«Уральское областное бюро краеведения полагает, что следовало бы воспользоваться предложением такого крупного, с европейским именем, скульптора, как И. Д. Иванов-Шадр, тем более, что постановка памятника по его модели, из рекомендуемого им материала, обойдется очень дешево».
Обстоятельства не позволили тогда осуществить предложение скульптора, а как память о нем в моих руках осталось три больших фотографии огромной фигуры В. И. Ленина для памятника на ЗАГЭСе, над которой Шадр работал прямо на улице — на Шаболовке, против Первой фабрики Гознака.
III. ВСТРЕЧИ
П. В. АЛБЫЧЕВ
Начиная с 1920-х годов советская молодежь, увлекавшаяся техникой, мастерила физические приборы, пользуясь книгами и брошюрами московского педагога Павла Викториновича Албычева. И о чем только он ни писал: о том, как самому сделать то весы, то телескоп, то подзорную трубу, фотоаппарат…
Брошюры выходили в сериях «Для умелых рук», «Сам себе мастер», «Библиотека юных техников»; статьи печатались в журналах «Пионер», «Знание — сила», «Искра», «Техника — молодежи», «Молодая гвардия» и других. В 1950 году вышла большая книга Албычева «Самодельные приборы по физике.
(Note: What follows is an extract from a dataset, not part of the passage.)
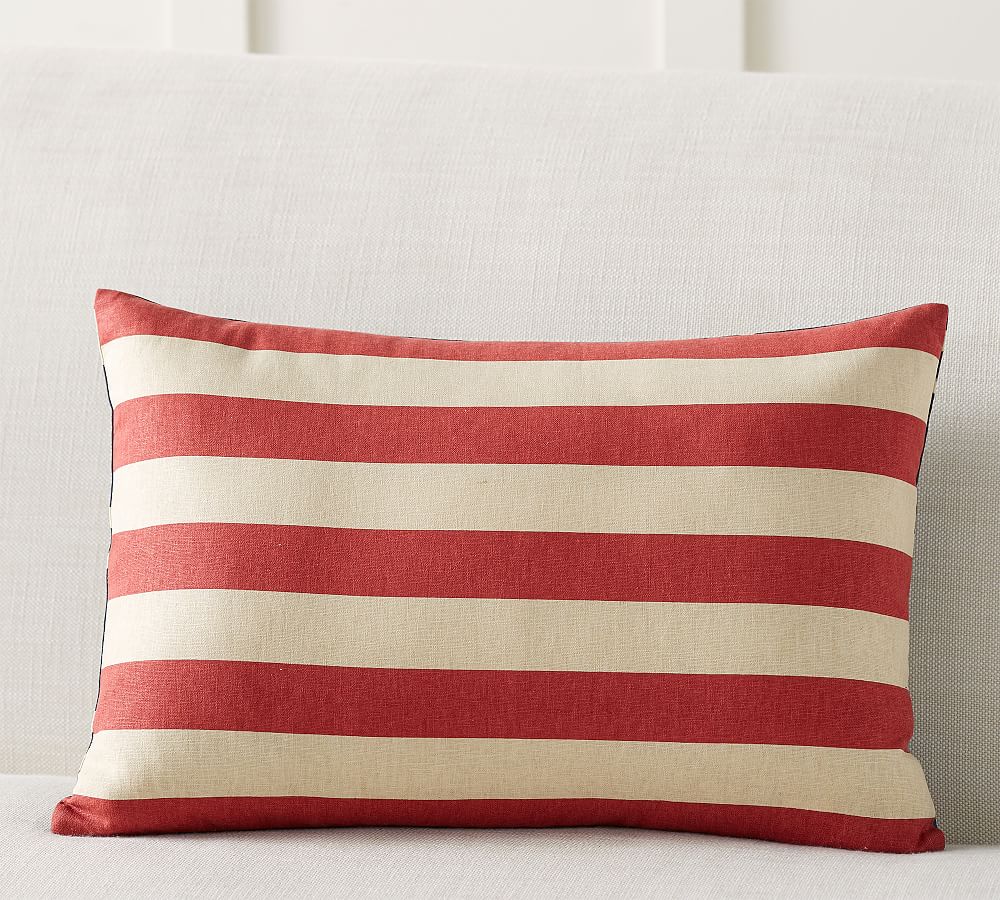 Reversible Star Striped Lumbar Pillow Cover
Пособие для учителей. Часть первая». Была подготовлена к печати и вторая часть, но ей не суждено было увидеть свет.
Мне довелось быть близко знакомым с Павлом Викториновичем и хочется рассказать то, что я знаю об этом интересном человеке.
Поступая осенью 1912 года в Московский археологический институт, я никак не думал, что встречу там своих земляков. А их оказалось четверо…
На лекциях сидит недалеко от меня паренек со вздернутым кончиком носа, светловолосый, а главное — окающий, как наши уральцы. Спрашиваю, откуда же он родом.
— Из Камышлова!
— Вот тебе здравствуй, в Камышлове-то ведь и я четыре года учился!
Как говорится, шире, дале — и давай глубже знакомиться друг с другом, а потом стали мы с ним, можно сказать, неразлучниками.
Скажу и об остальных трех земляках. Это, прежде всего, шадринец Иванов, ставший потом знаменитым скульптором Шадром. В археологическом институте он пробыл недолго, вынужден был оставить его из-за сатирической фигурки по адресу княгини М. К. Тенишевой, шефа института.
Остальных земляков я видел тоже немного времени. Это были — один Медяков, кажется, дальний родственник Е. П. Медяковой, свердловской писательницы, и А. Ф. Куркульский, впоследствии учитель рисования в средних школах города Кунгура.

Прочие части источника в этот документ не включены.